🐼 Pandas Concepts

The Basics: Spreadsheets in Python

Think about pandas like working with a spreadsheet:

A DataFrame is the entire spreadsheet with both rows and columns (tables)
A Series is just a single column from that spreadsheet (a list of values with labels)

Working with Columns

Imagine we have the following table of data stored as a DataFrame in Python:

name	age	city
Alice	25	New York
Bob	19	Boston
Charlie	22	Chicago
Claire	18	New York

Getting a Single Column (Series)

“Show me just the ages of all students”:

# This gives you just the 'age' column as a Series
ages = students['age']

Returns: A single column of data (a Series)

age
25
19
22
18

Getting Multiple Columns (DataFrame)

“I don’t care about the city colun, give me a mini-spreadsheet of just names and ages”

# This gives you both 'name' and 'age' columns as a DataFrame
name_and_age = students[['name', 'age']]

Notice the double brackets [[ ]] - they’re important!
Returns: A mini-spreadsheet with the selected columns

name	age
Alice	25
Bob	19
Charlie	22
Claire	18

Working With Rows

Filter Rows by Slicing

You’ll often want to “filter” your dataframe, or create a shorter table with only a certain subset of rows.
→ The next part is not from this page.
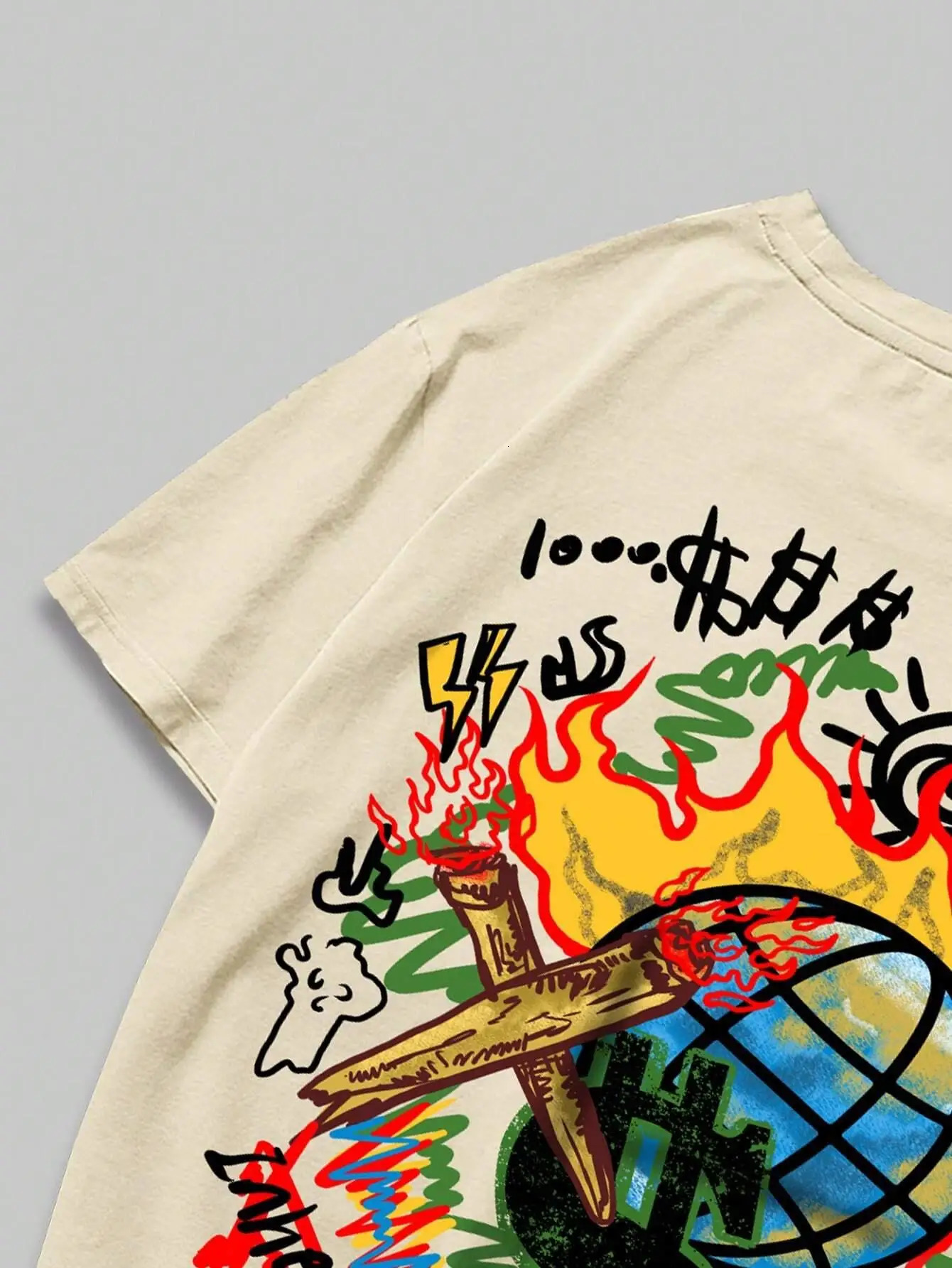 Terrifying Skull Printed MenS T-shirt Cartoon Fashion T-Shirts Daily Tee Shirt Retro Fashion Short Sleeved 250614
If you know how your rows are arranged sequentially, you can use a similar “slice” method as you’ve done for lists. If you only want the first two rows of your dataframe you would write:

students[0:2]

This would return:

name	age	city
Alice	25	New York
Bob	19	Boston

Filtering Rows by a Condition

However, slicing is not as common with dataframes because they aren’t always sequential (ie. the order of the rows doesn’t matter). The more common way in which you’ll end up filtering rows in a dataframe is by defining a “conditional”. Let’s say we have our full table of students but want to create a subset of this table of only students over the age of 20. So we’d essentially want Python to ask:

Is Alice’s age > 20? Yes → Keep this row
Is Bob’s age > 20? No → Remove this row
Is Charlie’s age > 20? Yes → Keep this row
Is Claire’s age > 20? No → Remove this row

Here’s the code to apply this filter:

students[students['age'] > 20]

name	age	city
Alice	25	New York
Charlie	22	Chicago

Let’s break our code students[students['age'] > 20] into two parts to make it easier to understand.

Part 1: Build our filter

students['age'] > 20: This part of the code tells Python to check each row in the entire students dataframe and ask “is the value in the age column greater than 20?” You can visualize this process a bit like this:

name	age	city	…	Did it meet our condition?
Alice	25	New York	->	👍
Bob	19	Boston	->	❌
Charlie	22	Chicago	->	👍
Claire	18	New York	->	❌

Pandas generates a Series (like a list) made up of True or False values for every row depending on whether it meets our condition:

0	True
1	False
2	True
3	False

Part 2: Apply the filter to the dataframe

students[...our filter...]: This looks at the entire dataframe, feeds it our Series of True/False values, and uses it to only select rows where the answer to our condition is True.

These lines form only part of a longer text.